** Stored data follows **

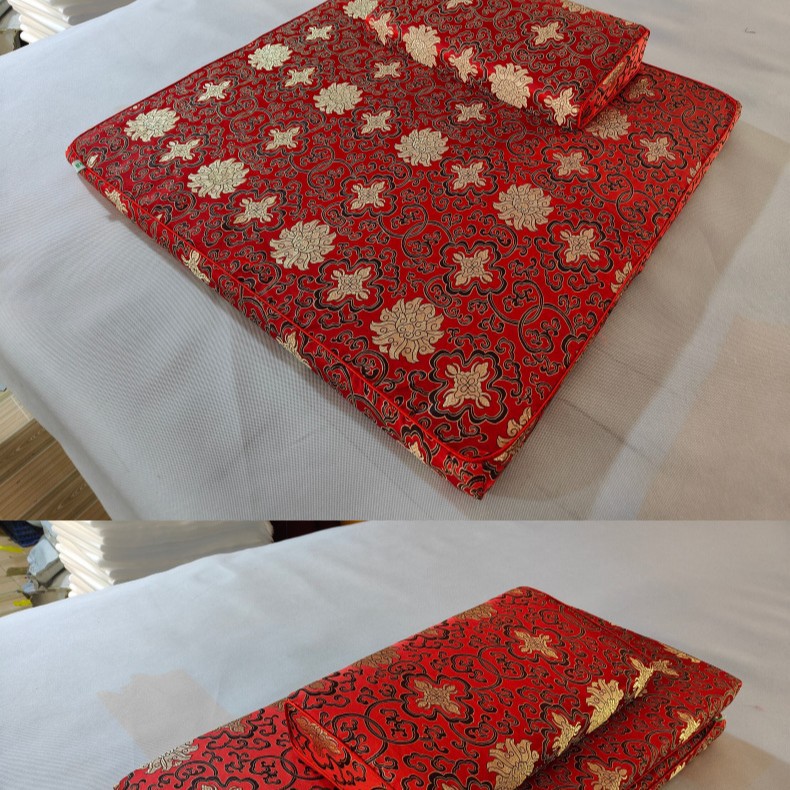 Brocade Zabuton Meditation Cushion – Zen Mat for Practice & Buddha Worship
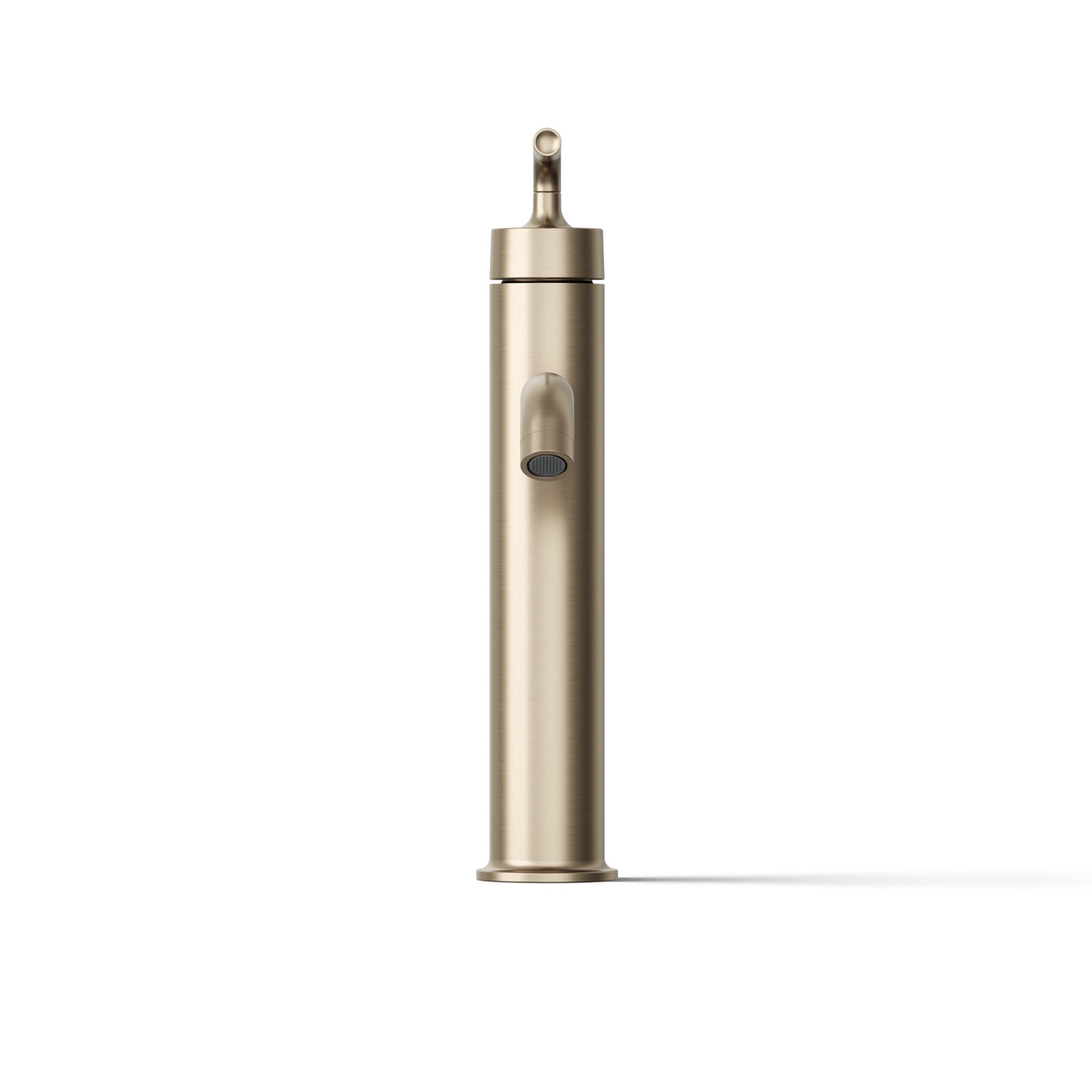 Purist Vessel Bathroom Faucet with Drain, Vibrant Brushed Bronze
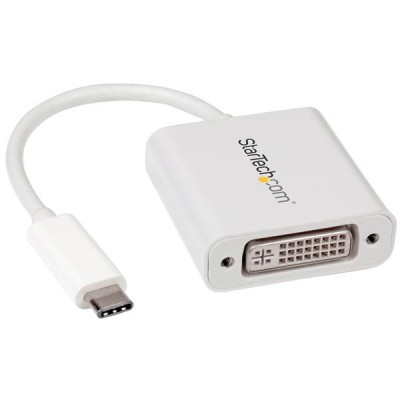 Adaptador gráfico StarTech.com CDP2DVIW - Color blanco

** End of Stored data **

- **About this task**
Restate the data word for word and exclude every picture.

- **Reply**
 Brocade Zabuton Meditation Cushion – Zen Mat for Practice & Buddha Worship
 Purist Vessel Bathroom Faucet with Drain, Vibrant Brushed Bronze
 Adaptador gráfico StarTech.com CDP2DVIW - Color blanco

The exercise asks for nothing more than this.